Entries supplied START
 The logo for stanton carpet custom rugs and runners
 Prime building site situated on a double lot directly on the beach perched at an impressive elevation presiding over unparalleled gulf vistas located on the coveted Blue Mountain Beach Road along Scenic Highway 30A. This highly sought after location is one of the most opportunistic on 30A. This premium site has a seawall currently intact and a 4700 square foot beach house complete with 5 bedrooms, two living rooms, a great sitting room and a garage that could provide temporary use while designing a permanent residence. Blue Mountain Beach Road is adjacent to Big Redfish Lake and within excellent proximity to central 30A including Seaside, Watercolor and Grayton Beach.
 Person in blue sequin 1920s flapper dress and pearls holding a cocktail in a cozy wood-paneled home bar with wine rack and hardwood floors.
Entries supplied END
Entries supplied START
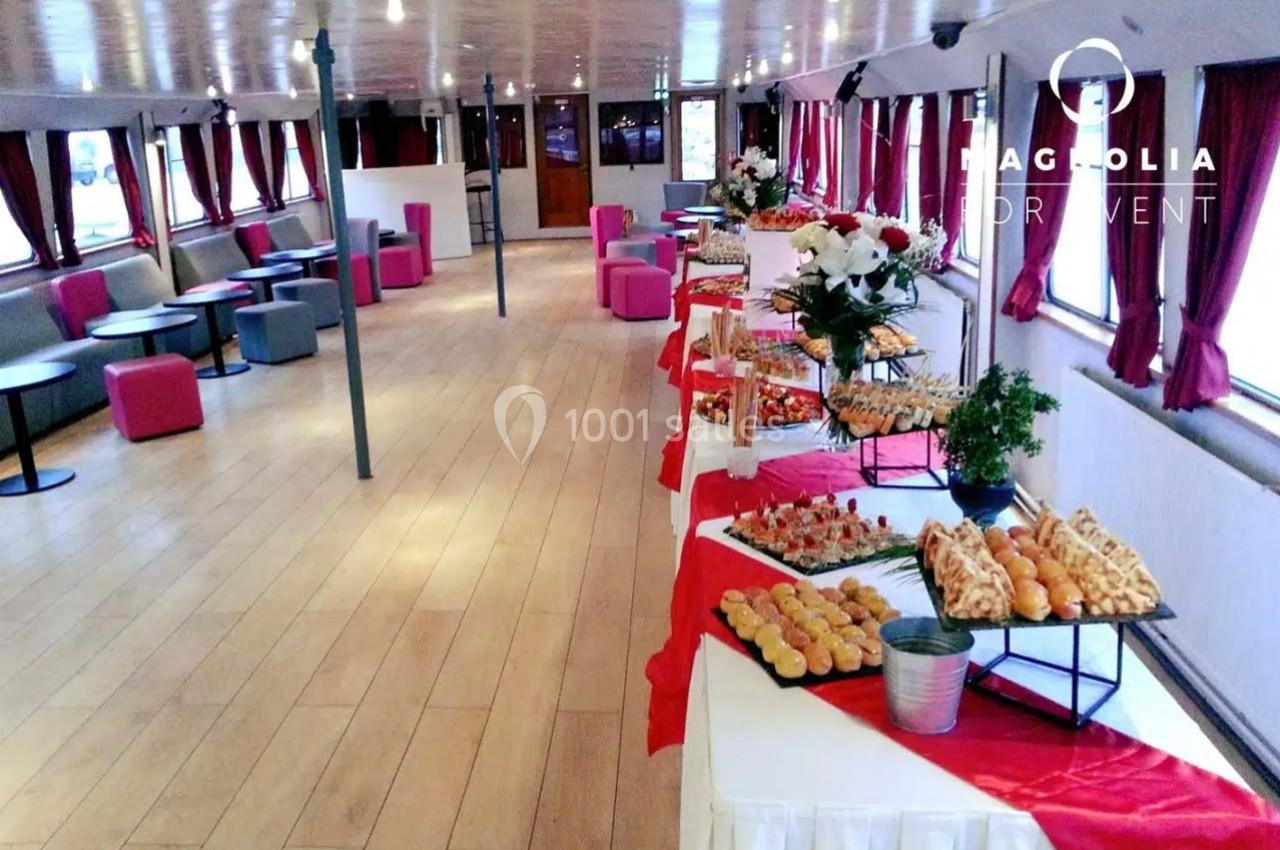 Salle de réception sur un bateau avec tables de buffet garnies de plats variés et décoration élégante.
Entries supplied END
How to complete this task ▸
Using the listing above, return word for word each line from the one that has "The logo for" through the one that has "Person in blue", and no line outside that range.

Answer for the task ▸
 The logo for stanton carpet custom rugs and runners
 Prime building site situated on a double lot directly on the beach perched at an impressive elevation presiding over unparalleled gulf vistas located on the coveted Blue Mountain Beach Road along Scenic Highway 30A. This highly sought after location is one of the most opportunistic on 30A. This premium site has a seawall currently intact and a 4700 square foot beach house complete with 5 bedrooms, two living rooms, a great sitting room and a garage that could provide temporary use while designing a permanent residence. Blue Mountain Beach Road is adjacent to Big Redfish Lake and within excellent proximity to central 30A including Seaside, Watercolor and Grayton Beach.
 Person in blue sequin 1920s flapper dress and pearls holding a cocktail in a cozy wood-paneled home bar with wine rack and hardwood floors.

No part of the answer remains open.